Despite its ridiculous simplicity, this model is not nearly as obvious as it sounds. Permanent deletion - in a wiki? Permanently locked documents - in a wiki? Names that nobody can ever change ever again? An attachment scheme with no revision history or version control - in this day and age?

Yes, yes, yes, and yes. And only those four things together make it work. In other words, breaking any of those "common sense" rules would have resulted in an unusable system; breaking all four of them at once is why it works.

Here's why. First, the wiki already has revision control; adding another versioning layer for attachments would be inelegant. Instead, what you do is encode the version into the filename. Sounds lame to you, Subversion users?
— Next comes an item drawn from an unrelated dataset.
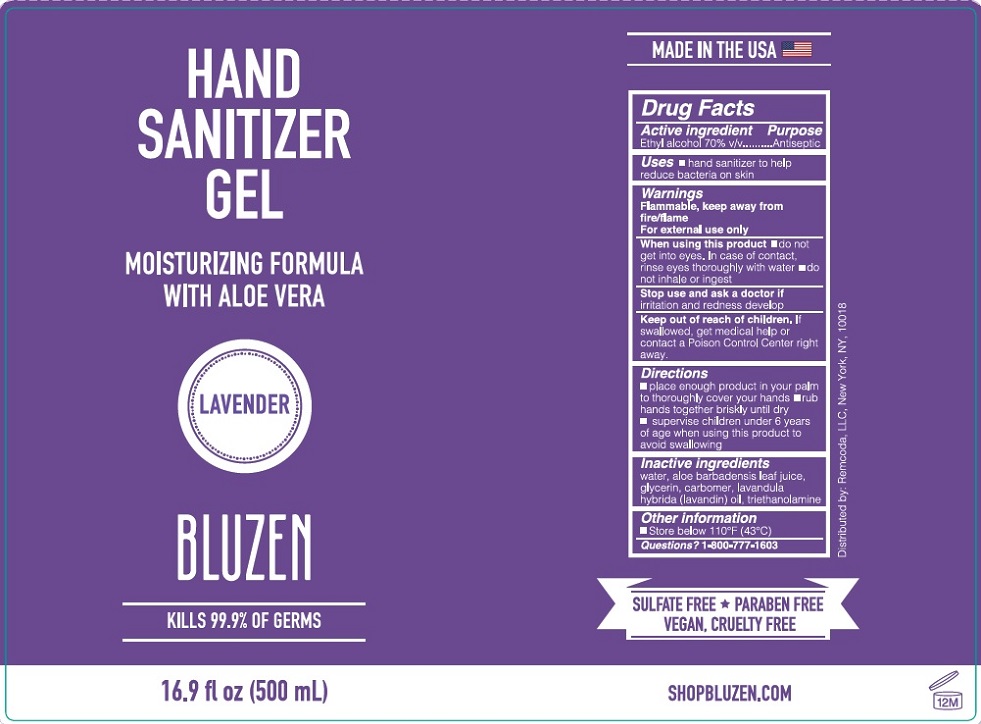 Pill image for Bluzen Hand Sanitizer Gel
Just remember, the kind of people who prefer binary documents to wiki documents are exactly the kind of people who don't like Subversion either. Furthermore, fully revision controlling binary documents isn't useful, because the diff/blame/branch/merge features don't work anyway. And auto-assigned revision numbers are meaningless, while human-assigned ones are memorable. And because you can't re-upload a locked document, nobody can change your document once you're sure you've uploaded it correctly - in other words, we implement the one remaining feature of Subversion that's actually useful for binary files.

So you can easily do 100% protected revision control with my plugin, which doesn't even support revision control. Don't upload "myproject-spec.doc" - upload "myproject-spec-1.0.doc", ie. the 1.0 version of the spec - and lock it. From then on, anybody who wants to talk about the 1.0 spec (on any page in the wiki, past, present, and future) will be confident that they're talking about that exact file. And the MyProjectSpec wiki page can link to that file for now... and in a future version, it can link to "myproject-spec-1.1.doc" instead or in addition. What did the spec look like last September? Go back in wiki history and view the hosting page, and it definitely points at the same attachment it did at the time. No magic auto-assigned rev numbers to remember, no branches, no tags, no syntax, and no uncertainty.

The pent-up demand for this was obviously huge, because within days it was being used all over the place in the wiki, and the usage is ever-increasing. Meanwhile, some people are still ironically claiming that it can't possibly solve the problems it intends to solve.

I say... the results speak for themselves. Which is good, because the above explanation is really long and confusing.

Off-topic Disclaimer

(*) People will say that we could have saved a lot of time arguing about it internally by just doing the 1.5 hours of work in the first place, but that't not how design works; I wouldn't have spent so much time (much more than 1.5 hours) thinking about the problem if there weren't so many arguments about it before. And just leaping into coding with a bad design would have taken more time than thinking/talking about it first.